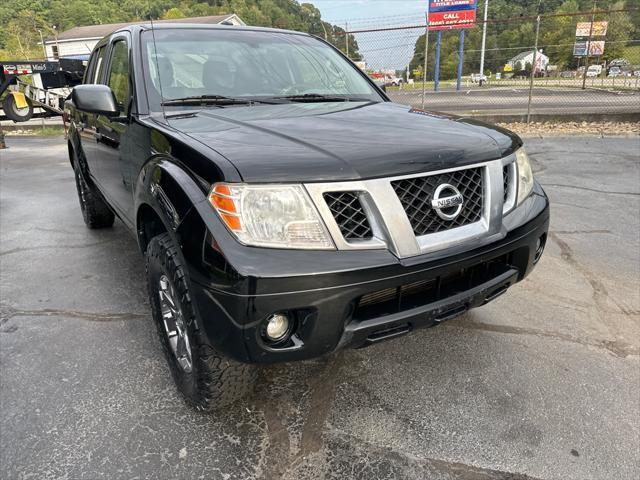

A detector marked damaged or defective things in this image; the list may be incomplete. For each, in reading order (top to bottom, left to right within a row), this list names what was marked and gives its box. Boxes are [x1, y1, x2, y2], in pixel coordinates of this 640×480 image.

crack in pavement [0, 304, 146, 322]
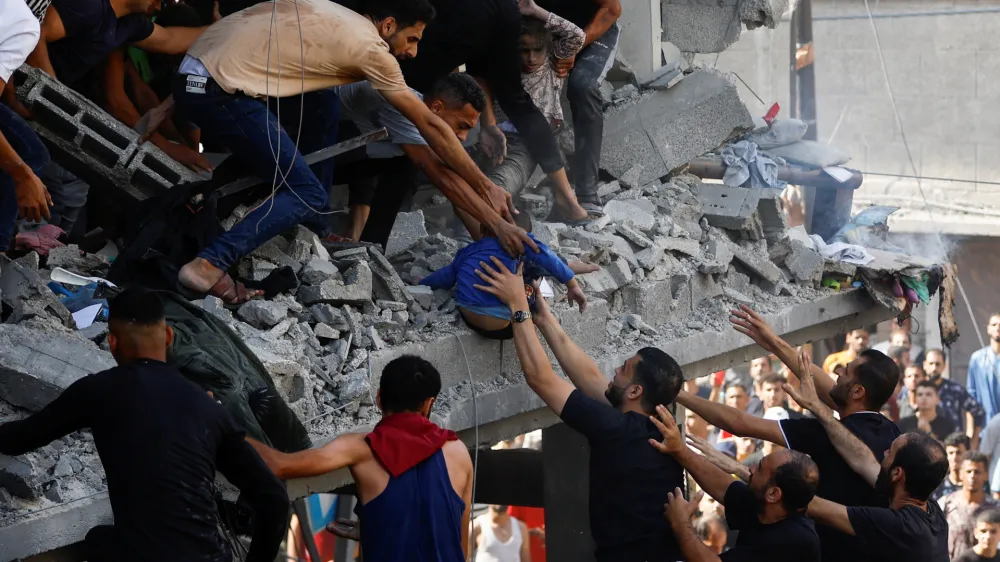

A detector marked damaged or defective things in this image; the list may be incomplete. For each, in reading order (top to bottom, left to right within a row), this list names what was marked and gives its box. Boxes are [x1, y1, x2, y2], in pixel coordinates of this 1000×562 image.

broken concrete chunk [600, 199, 656, 230]
broken concrete chunk [384, 210, 428, 258]
broken concrete chunk [616, 222, 656, 248]
broken concrete chunk [298, 258, 342, 284]
broken concrete chunk [300, 260, 376, 304]
broken concrete chunk [238, 300, 290, 326]
broken concrete chunk [0, 322, 115, 410]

> **Goal of the exercise**
Only the lines from the one bearing "this 1000×562 image." through the end of the entries above belong in the answer, each one exactly as given.

> **Solution below**
A detector marked damaged or defective things in this image; the list may be incomplete. For each, in reading order (top to bottom, left to right within a row), this list names what was marked and gives its box. Boxes are [x1, y1, x2, y2], in pixel coordinates of this 1000×562 image.

broken concrete chunk [600, 199, 656, 230]
broken concrete chunk [384, 210, 428, 258]
broken concrete chunk [616, 222, 656, 248]
broken concrete chunk [298, 258, 342, 284]
broken concrete chunk [300, 260, 376, 304]
broken concrete chunk [238, 300, 290, 326]
broken concrete chunk [0, 322, 115, 410]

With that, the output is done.